_Task brief_: With pictures omitted, the line containing "So the theme" and all later lines of the records below are to be restated word for word.

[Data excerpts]
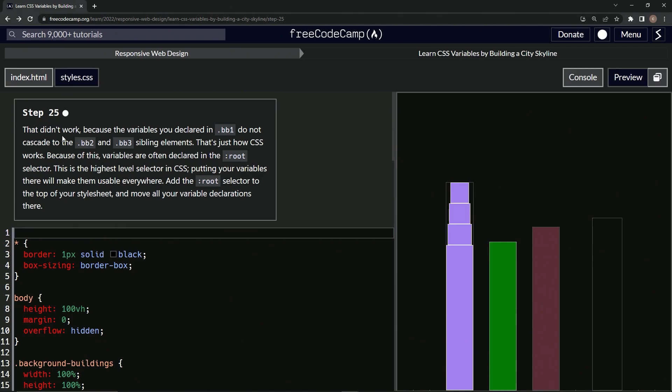So that also didn't work, mainly because the variables we declared in BB1 do not cascade to the BB2 and BB3 sibling elements. That's just how CSS works. Because of this, variables are often declared in the root selector. This is the highest level selector in CSS.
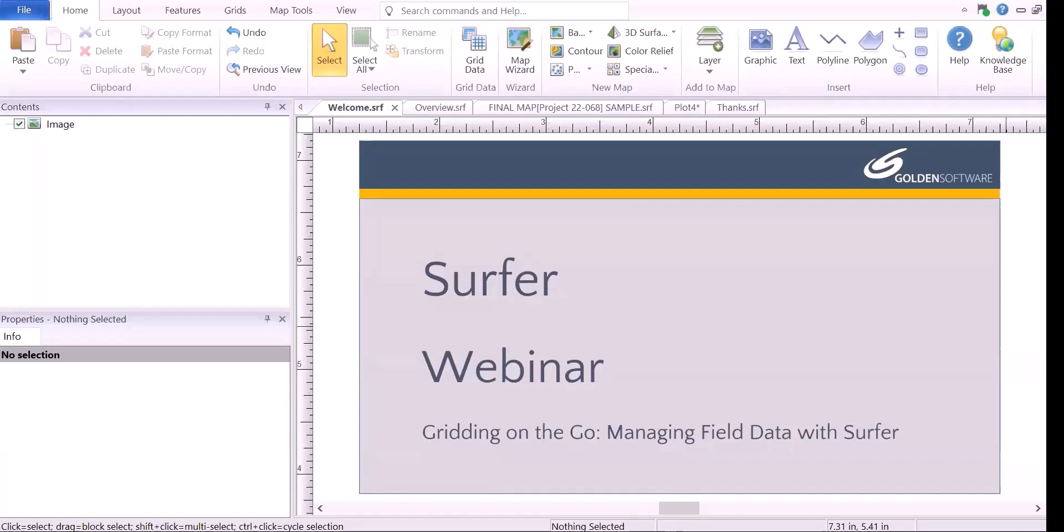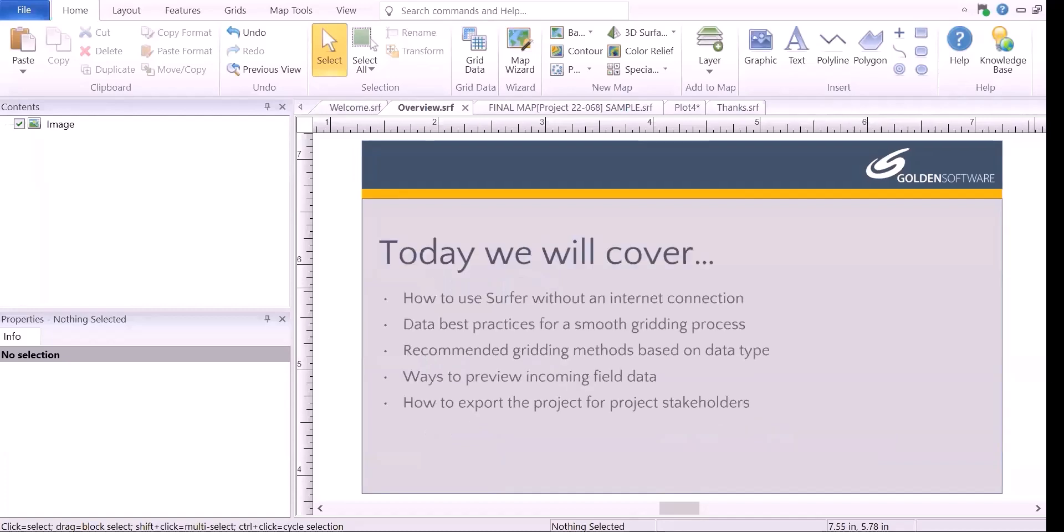So the theme for today's webcast is to show you how to set up Surfer so you can work offline and you can grid your data and also generate great-looking maps and create output directly while you're in the field.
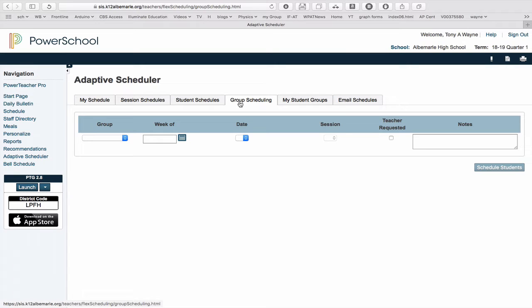This video is going to show you how to schedule a group of students using PowerSchool and the Adaptive Scheduler plugin. In order for this to work, you already should have made up your groups using the My Student Groups tab.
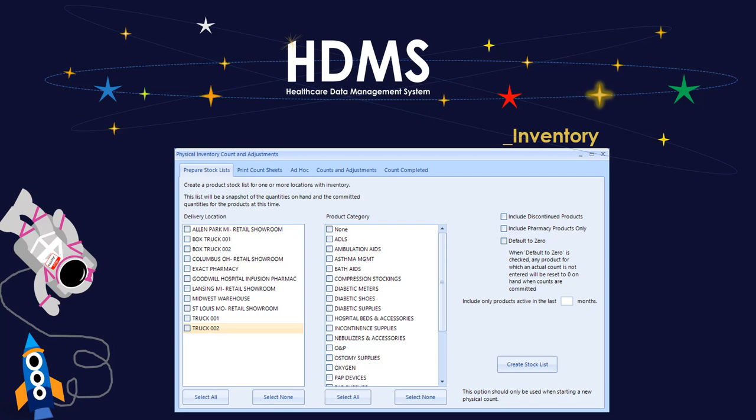Here's a quick snapshot of our physical inventory counts screen. You can kick off physical inventory counts at any time, and you can do this using the HDMS core system or HDMS mobile inventory.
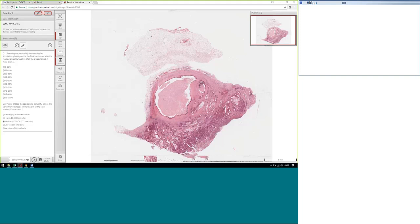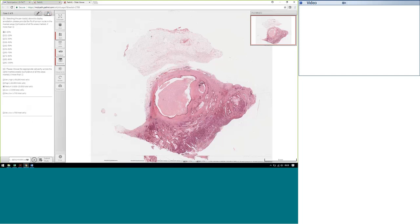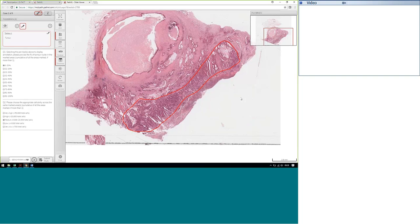I'll now pass you over to Perry and Jane, and we can discuss the cases. Thank you very much, Sandy. This is the first case, which is the benchmark case, showing the annotated area. This is the benchmark case which suggests to the participants an area which has been annotated for microdissection.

_Solution to the problem_:
So the theme for today's webcast is to show you how to set up Surfer so you can work offline and you can grid your data and also generate great-looking maps and create output directly while you're in the field.
This video is going to show you how to schedule a group of students using PowerSchool and the Adaptive Scheduler plugin. In order for this to work, you already should have made up your groups using the My Student Groups tab.
Here's a quick snapshot of our physical inventory counts screen. You can kick off physical inventory counts at any time, and you can do this using the HDMS core system or HDMS mobile inventory.
I'll now pass you over to Perry and Jane, and we can discuss the cases. Thank you very much, Sandy. This is the first case, which is the benchmark case, showing the annotated area. This is the benchmark case which suggests to the participants an area which has been annotated for microdissection.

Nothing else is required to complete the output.